Surat Al ‘Ashr merupakan sebuah surat dalam Al Qur’an yang banyak dihafal oleh kaum muslimin karena pendek dan mudah dihafal. Namun sayangnya, sangat sedikit di antara kaum muslimin yang dapat memahaminya. Padahal, meskipun surat ini pendek, akan tetapi memiliki kandungan makna yang sangat dalam. Sampai-sampai Imam Asy Syafi’i rahimahullah berkata,
لَوْ تَدَبَّرَ النَّاسُ هَذِهِ السُّوْرَةَ لَوَسَعَتْهُمْ
”Seandainya setiap manusia merenungkan surat ini, niscaya hal itu akan mencukupi untuk mereka.” [Tafsir Ibnu Katsir 8/499].
Syaikh Muhammad bin Sholih Al ‘Utsaimin rahimahullah berkata, ”Maksud perkataan Imam Syafi’i adalah surat ini telah cukup bagi manusia untuk mendorong mereka agar memegang teguh agama Allah dengan beriman, beramal sholih, berdakwah kepada Allah, dan bersabar atas semua itu. Beliau tidak bermaksud bahwa manusia cukup merenungkan surat ini tanpa mengamalkan seluruh syari’at. Karena seorang yang berakal apabila mendengar atau membaca surat ini, maka ia pasti akan berusaha untuk membebaskan dirinya dari kerugian dengan cara menghiasi diri dengan empat kriteria yang tersebut dalam surat ini, yaitu beriman, beramal shalih, saling menasehati agar menegakkan kebenaran (berdakwah) dan saling menasehati agar bersabar” [Syarh Tsalatsatul Ushul].
Iman yang Dilandasi dengan Ilmu
Dalam surat ini Allah ta’ala menjelaskan bahwa seluruh manusia benar-benar berada dalam kerugian. Kerugian yang dimaksud dalam ayat ini bisa bersifat mutlak, artinya seorang merugi di dunia dan di akhirat, tidak mendapatkan kenikmatan dan berhak untuk dimasukkan ke dalam neraka. Bisa jadi ia hanya mengalami kerugian dari satu sisi saja. Oleh karena itu, dalam surat ini Allah mengeneralisir bahwa kerugian pasti akan dialami oleh manusia kecuali mereka yang memiliki empat kriteria dalam surat tersebut [Taisiir Karimir Rohmaan hal. 934].
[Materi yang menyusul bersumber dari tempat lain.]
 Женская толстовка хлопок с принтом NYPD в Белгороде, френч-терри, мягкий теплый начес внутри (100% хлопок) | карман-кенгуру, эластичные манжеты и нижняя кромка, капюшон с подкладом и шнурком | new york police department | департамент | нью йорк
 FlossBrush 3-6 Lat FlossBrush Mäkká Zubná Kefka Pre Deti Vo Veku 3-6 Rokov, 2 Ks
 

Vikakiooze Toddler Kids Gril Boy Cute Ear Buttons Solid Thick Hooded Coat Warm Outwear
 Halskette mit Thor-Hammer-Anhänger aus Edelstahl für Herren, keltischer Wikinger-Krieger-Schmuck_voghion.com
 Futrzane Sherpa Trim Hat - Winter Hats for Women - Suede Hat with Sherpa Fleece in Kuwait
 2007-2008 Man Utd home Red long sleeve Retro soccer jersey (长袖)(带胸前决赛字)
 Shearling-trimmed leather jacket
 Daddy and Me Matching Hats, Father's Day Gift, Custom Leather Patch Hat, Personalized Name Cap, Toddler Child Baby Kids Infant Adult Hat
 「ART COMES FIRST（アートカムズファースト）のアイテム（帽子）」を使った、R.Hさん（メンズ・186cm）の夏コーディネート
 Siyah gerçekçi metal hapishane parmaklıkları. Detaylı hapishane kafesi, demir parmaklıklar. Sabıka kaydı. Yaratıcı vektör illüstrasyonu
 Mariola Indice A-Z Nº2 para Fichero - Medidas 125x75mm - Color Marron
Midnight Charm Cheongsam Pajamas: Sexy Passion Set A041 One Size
Kriteria pertama, yaitu beriman kepada Allah. Dan keimanan ini tidak akan terwujud tanpa ilmu, karena keimanan merupakan cabang dari ilmu dan keimanan tersebut tidak akan sempurna jika tanpa ilmu. Ilmu yang dimaksud adalah ilmu syar’i (ilmu agama). Seorang muslim wajib (fardhu ‘ain) untuk mempelajari setiap ilmu yang dibutuhkan oleh seorang mukallaf dalam berbagai permasalahan agamanya, seperti prinsip keimanan dan syari’at-syari’at Islam, ilmu tentang hal-hal yang wajib dia jauhi berupa hal-hal yang diharamkan, apa yang dia butuhkan dalam mu’amalah, dan lain sebagainya.
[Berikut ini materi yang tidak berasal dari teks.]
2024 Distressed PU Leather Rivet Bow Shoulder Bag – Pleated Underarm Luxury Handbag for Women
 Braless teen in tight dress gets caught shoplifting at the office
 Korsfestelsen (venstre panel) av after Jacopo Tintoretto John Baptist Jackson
Rasulullah shallallahu alaihi wa sallam bersabda,
طَلَبُ الْعِلْمِ فَرِيْضَةٌ عَلىَ كُلِّ مَسْلَمٍ
”Menuntut ilmu wajib bagi setiap muslim.” (HR. Ibnu Majah nomor 224 dengan sanad shahih).
Imam Ahmad rahimahullah berkata,
يَجِبُ أَنْ يَطْلَبَ مِنَ الْعِلْمِ مَا يَقُوْمُ بِهِ دِيْنَهُ
”Seorang wajib menuntut ilmu yang bisa membuat dirinya mampu menegakkan agama.” [Al Furu’ 1/525].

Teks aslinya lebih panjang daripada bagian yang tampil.